Required work:
This calls for a verbatim copy of all the data, with no images carried over.

Given information:
╭──

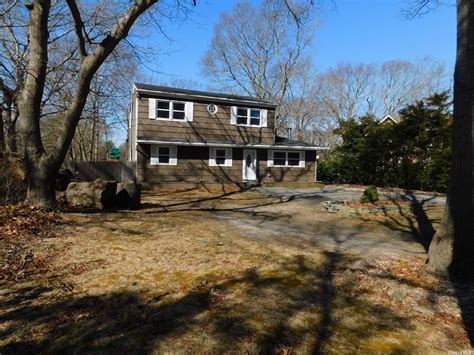 Suffolk County Manorville New York (NY) — Real Estate Listings By City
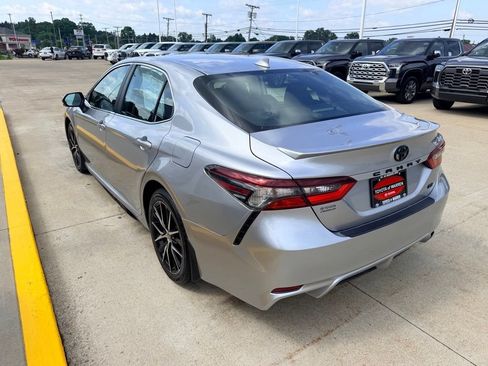Used 2024 Toyota Camry SE w/ Convenience Package FWD image 7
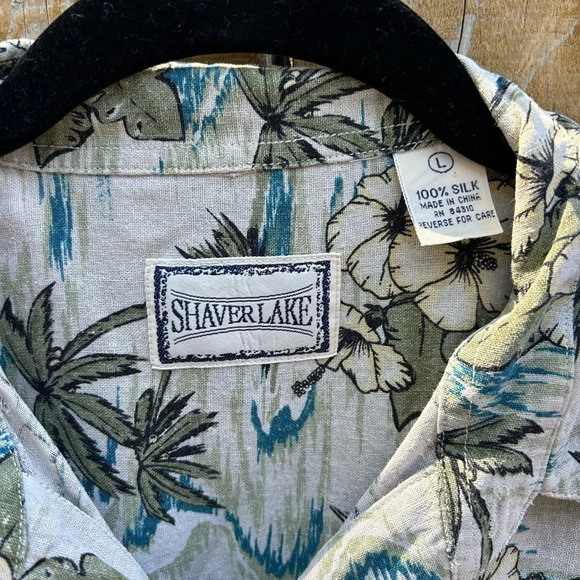 100% Silk Tropical Print Button Down Short Sleeve Collard Shirt Size Large - Picture 6 of 9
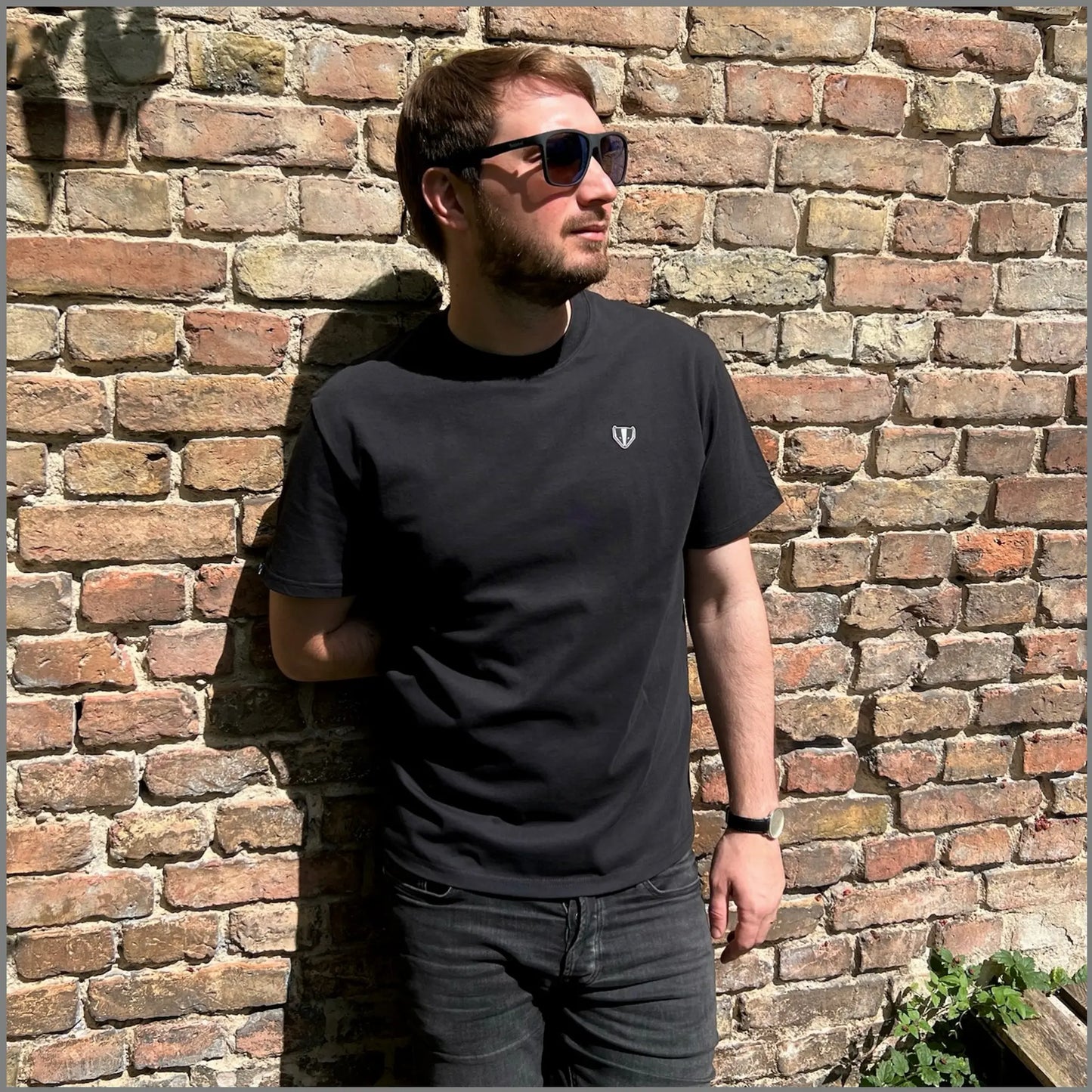 DACHS Unisex T-Shirt mit Badge – Schwarz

╰──

Answer below:
 Suffolk County Manorville New York (NY) — Real Estate Listings By City
Used 2024 Toyota Camry SE w/ Convenience Package FWD image 7
 100% Silk Tropical Print Button Down Short Sleeve Collard Shirt Size Large - Picture 6 of 9
 DACHS Unisex T-Shirt mit Badge – Schwarz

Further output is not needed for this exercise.